Time keeps on slippin slippin slippin into the future...

The fifth floor of the library here at UVU is a lovely place to study. I have a few spots on this campus that I find conducive to getting the academic juices flowing, the library is my GO-TO spot. Down stairs in the lunch table/cafe' area is a good one because it provides enough ambient noise that I don't get distracted by or hyper focused on minute noises... like my own breathing. There's also the second floor of the library at the top of the ramp, the tables and seating there are great and there's plenty of sun light. The sunlight at times can be quite annoying though depending on where your sitting and if you're on your computer. If you're sitting in the cafe area at about 3 or 4 in the afternoon then you're going to be bombarded with sun DIRECTLY shining on your computer screen making it very difficult to see what you're working on. However the heat balances out the freezing cold temperature UVU has dictated that the library must maintain at all times regardless of the outside temperature. For a while I tried studying on the 4th floor or the library but found out quickly that 55 degrees was just far too cold for me to be able to concentrate properly. Also it's so dang quiet there that the tap tap tap of my laptop key board is so loud I feel like I might as well be banging on a marching band type drum... I feel as though everyone is secretly harboring feelings of animosity because my typing is so loud, I guess I could do my facebooking in a not so studious part of the library. The fourth floor is designated strictly for those doing homework via paper. So here I sit on the 5th floor, I feel like Goldy Locks, I've found my not too hot, not too cold, just right study spot. Plus the view of the lake from up here is kinda nice too.
I've been restless lately, I feel like there is something bothering me but I can't really pin point what. It could be partly because I'm feeling more and more disconnected with my ward, which is probably my fault but I find it difficult to relate to or develop close friendships with people who've JUST graduated high school. Lately I've been wanting more and more to have an apartment to myself, no roommates, just me. Not that I don't like my roommates but I just kinda want my own space to govern as a dictatorship and not live in a democracy. Just me and my puppy Duchess in a place where I can have things just the way I like it. Knowing me though I'd probably get lonely really quick and want someone else living there just so I wouldn't get bored. Who knows maybe I'm just feeling reclusive lately and need a change of pace to shake things up... now that I think about it I could definitely use a good shaking, I am willing to accept offers from handsome fellas for the task at hand!

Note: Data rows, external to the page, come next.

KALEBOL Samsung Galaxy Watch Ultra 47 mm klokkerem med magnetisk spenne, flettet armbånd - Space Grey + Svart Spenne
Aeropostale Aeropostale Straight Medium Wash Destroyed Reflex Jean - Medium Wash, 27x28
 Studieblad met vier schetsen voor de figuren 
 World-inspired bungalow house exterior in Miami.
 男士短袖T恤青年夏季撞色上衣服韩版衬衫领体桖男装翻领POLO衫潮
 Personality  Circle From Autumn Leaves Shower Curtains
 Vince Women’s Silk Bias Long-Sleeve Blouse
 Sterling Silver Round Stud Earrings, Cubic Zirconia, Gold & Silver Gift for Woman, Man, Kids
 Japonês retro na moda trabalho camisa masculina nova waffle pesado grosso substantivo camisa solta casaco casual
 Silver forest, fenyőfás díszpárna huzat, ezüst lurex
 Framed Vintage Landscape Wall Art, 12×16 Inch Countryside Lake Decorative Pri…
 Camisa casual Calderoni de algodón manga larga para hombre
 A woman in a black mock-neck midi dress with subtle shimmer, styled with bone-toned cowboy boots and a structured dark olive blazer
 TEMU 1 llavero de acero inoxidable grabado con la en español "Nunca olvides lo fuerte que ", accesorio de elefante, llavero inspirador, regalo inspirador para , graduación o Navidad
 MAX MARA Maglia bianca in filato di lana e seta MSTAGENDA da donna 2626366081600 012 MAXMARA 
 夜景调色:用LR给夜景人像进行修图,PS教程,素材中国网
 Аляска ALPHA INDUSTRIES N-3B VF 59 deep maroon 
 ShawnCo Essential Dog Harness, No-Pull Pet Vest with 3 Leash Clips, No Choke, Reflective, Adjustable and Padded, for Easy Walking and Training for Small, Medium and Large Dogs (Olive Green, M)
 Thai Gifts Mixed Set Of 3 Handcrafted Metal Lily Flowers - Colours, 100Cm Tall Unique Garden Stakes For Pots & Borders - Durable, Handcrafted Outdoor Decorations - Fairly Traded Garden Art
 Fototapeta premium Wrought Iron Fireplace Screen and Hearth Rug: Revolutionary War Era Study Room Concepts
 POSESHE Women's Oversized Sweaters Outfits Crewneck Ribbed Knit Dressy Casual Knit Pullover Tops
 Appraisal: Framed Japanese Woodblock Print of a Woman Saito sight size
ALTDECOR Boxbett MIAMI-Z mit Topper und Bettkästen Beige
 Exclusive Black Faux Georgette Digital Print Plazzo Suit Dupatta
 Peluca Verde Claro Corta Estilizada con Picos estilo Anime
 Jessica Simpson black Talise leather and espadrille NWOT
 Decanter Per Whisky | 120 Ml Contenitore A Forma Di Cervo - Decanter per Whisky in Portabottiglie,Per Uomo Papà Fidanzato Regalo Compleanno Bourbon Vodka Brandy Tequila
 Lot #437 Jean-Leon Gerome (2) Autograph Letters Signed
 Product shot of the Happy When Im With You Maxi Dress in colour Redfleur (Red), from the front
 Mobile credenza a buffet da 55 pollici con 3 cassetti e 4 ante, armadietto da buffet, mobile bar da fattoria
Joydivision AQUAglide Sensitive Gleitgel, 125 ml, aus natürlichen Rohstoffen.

I'm feeling the time crunch of an impending 8 page paper... of course I've waited till the last minute to work on it. I tell myself every semester that I will get ahead and do everything before hand annnnnnnd it never happens. GRRRRR I'm trying to change habits of procrastination but I just keep putting it off. Maybe someday I'll be super girl getting things done ahead of time. But for now the clock is ticking down and I've got 8 pages of personality profiling to fill.